[Paper] gridfm-datakit-v1: A Python Library for Scalable and Realistic Power Flow and Optimal Power Flow Data Generation

Published: 1 month ago (December 16, 2025 at 01:17 PM EST)

4 min read

Source: arXiv

Source: arXiv - 2512.14658v1

Overview

The paper presents gridfm‑datakit‑v1, an open‑source Python library that can automatically generate large, realistic Power Flow (PF) and Optimal Power Flow (OPF) datasets. By tackling three long‑standing gaps in existing data generators, the authors enable machine‑learning researchers and power‑system engineers to train and benchmark ML‑based solvers on data that truly reflects the variability and constraints of real‑world grids.

Key Contributions

Unified stochastic load modeling – mixes real‑world load‑profile scaling with localized random noise, producing diverse yet physically plausible demand patterns.
Arbitrary N‑k topology perturbations – supports random line outages or reconfigurations, allowing users to explore contingency scenarios without hand‑crafting cases.
Beyond‑limit PF samples – deliberately generates power‑flow states that violate voltage or thermal limits, helping ML models learn to detect and correct infeasible operating points.
Variable generator cost functions – creates OPF instances with randomly sampled cost curves, improving model generalization across different market conditions.
Scalable to very large networks – demonstrated on test systems up to 10 k buses with modest compute resources.
Easy integration – distributed via PyPI (pip install gridfm-datakit) and released under the permissive Apache 2.0 license; API mirrors familiar Pandas/NumPy patterns.

Methodology

Load & Profile Generation
- Starts from a base load vector (e.g., a 24‑h profile from a utility).
- Applies a global scaling factor drawn from a distribution that reflects daily/seasonal demand swings.
- Adds local perturbations (Gaussian or uniform noise) per bus to capture stochastic consumption.
Topology Randomization
- Users specify an N‑k budget (e.g., “remove up to 3 lines”).
- The library randomly selects lines to open, ensuring the resulting network stays connected (or intentionally creates islands for contingency studies).
Power‑Flow Solving
- For each load‑topology pair, a standard Newton‑Raphson PF solver (via pandapower/PYPOWER) computes voltages, flows, and losses.
- If the solution violates limits, the sample is still kept (this is a key departure from most datasets that discard such cases).
OPF Instance Creation
- Generator cost coefficients (quadratic, linear, constant) are sampled from user‑defined ranges.
- The OPF problem is solved with an interior‑point algorithm; both the optimal dispatch and the associated dual variables are stored.
Data Packaging
- Results are exported as lightweight HDF5/Parquet files, together with metadata (seed, scaling factor, topology changes).
- A small helper class (DataKitLoader) streams batches directly into PyTorch or TensorFlow pipelines.

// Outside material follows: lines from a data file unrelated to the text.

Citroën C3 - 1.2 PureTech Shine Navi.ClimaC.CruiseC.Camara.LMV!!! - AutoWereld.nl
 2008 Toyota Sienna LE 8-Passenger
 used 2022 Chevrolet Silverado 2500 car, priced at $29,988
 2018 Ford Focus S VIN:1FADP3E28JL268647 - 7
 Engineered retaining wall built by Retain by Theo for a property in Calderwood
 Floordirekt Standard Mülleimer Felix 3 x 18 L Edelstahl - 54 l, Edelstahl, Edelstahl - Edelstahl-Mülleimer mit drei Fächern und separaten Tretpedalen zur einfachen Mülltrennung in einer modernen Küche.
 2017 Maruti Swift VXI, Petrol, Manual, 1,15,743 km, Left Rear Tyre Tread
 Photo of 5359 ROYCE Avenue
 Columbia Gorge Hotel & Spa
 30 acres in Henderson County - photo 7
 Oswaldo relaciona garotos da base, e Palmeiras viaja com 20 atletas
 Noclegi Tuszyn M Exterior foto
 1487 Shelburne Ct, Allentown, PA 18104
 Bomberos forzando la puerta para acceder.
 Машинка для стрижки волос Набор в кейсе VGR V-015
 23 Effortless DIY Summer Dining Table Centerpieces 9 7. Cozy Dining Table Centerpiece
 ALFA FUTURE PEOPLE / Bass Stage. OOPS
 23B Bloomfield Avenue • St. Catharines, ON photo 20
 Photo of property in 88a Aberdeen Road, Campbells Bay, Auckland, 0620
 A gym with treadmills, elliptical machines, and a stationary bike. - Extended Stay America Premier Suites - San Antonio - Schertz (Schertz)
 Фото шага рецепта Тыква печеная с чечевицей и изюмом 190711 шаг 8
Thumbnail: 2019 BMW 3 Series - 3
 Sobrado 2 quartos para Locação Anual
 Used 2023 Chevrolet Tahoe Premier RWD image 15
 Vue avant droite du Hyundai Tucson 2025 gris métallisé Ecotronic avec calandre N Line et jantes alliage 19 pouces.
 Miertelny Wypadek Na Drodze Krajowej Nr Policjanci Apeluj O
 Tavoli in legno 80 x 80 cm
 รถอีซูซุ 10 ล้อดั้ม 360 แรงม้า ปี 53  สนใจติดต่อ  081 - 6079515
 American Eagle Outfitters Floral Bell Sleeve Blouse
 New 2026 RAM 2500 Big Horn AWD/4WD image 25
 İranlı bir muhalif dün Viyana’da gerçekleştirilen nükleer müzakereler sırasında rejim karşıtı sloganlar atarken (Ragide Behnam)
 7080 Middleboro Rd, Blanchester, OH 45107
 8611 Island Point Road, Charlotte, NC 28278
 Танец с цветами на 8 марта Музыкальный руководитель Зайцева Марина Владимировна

The entire pipeline is parallelized with Python’s concurrent.futures, allowing a 10 k‑bus system to generate tens of thousands of samples in under an hour on a 16‑core workstation.

Results & Findings

Test System	#Samples	Avg. Generation Time (s)	% PF Samples Violating Limits
IEEE‑14	50 k	0.12	8 %
IEEE‑118	200 k	0.45	12 %
Synthetic 10 k‑bus	30 k	3.8	15 %

Diversity boost: Compared to OPFData and PFΔ, gridfm‑datakit’s datasets show a 2–3× larger spread in load levels and a 5–10× higher incidence of limit‑violating states.
Training impact: A simple feed‑forward NN trained on the new PF data achieved 94 % accuracy in predicting voltage violations, versus 78 % when trained on conventional (feasible‑only) datasets.
Scalability: Memory footprint grows linearly with bus count; the library stays under 8 GB RAM for the 10 k‑bus case, making it suitable for cloud‑based batch jobs.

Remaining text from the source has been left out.